■ **PROBLEM STATEMENT**
Once the pictures are set aside, reproduce the remaining data exactly.

■ **INFORMATION PROVIDED**
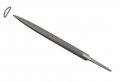 Swiss Pattern Halfround Ring Slim File By Grobet 6 Inch Cut 1 A 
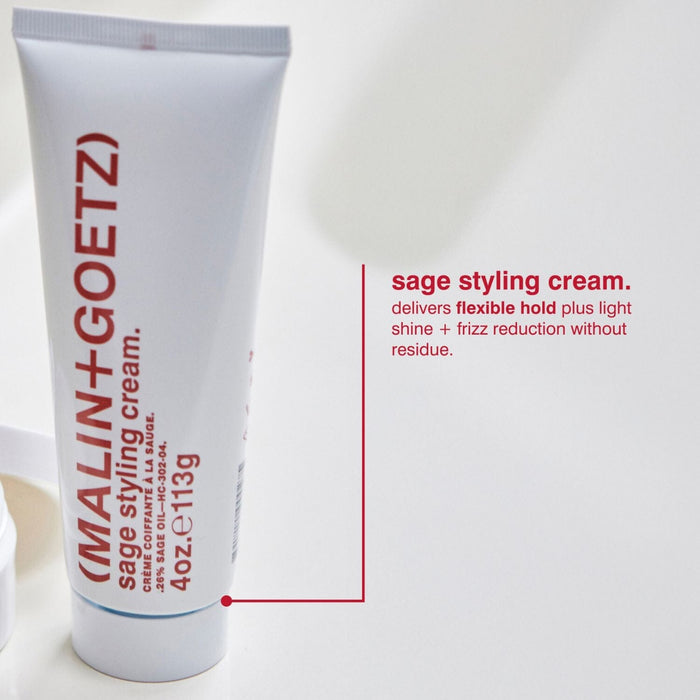 (Malin+Goetz) Sage Styling Cream (Size Options) Creams (Malin+Goetz)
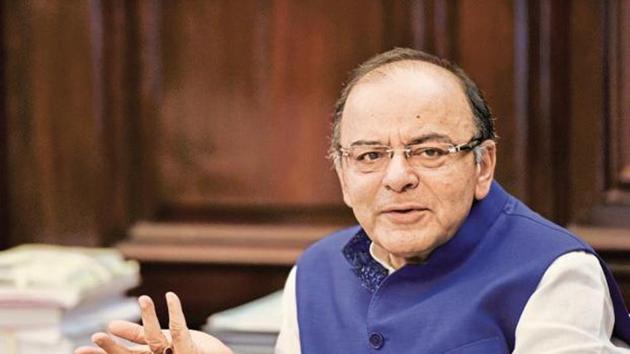 Finance minister Arun Jaitley (HT photo) Finance minister Arun Jaitley (HT photo)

■ **SOLVED PROBLEM**
 Swiss Pattern Halfround Ring Slim File By Grobet 6 Inch Cut 1 A 
 (Malin+Goetz) Sage Styling Cream (Size Options) Creams (Malin+Goetz)
 Finance minister Arun Jaitley (HT photo) Finance minister Arun Jaitley (HT photo)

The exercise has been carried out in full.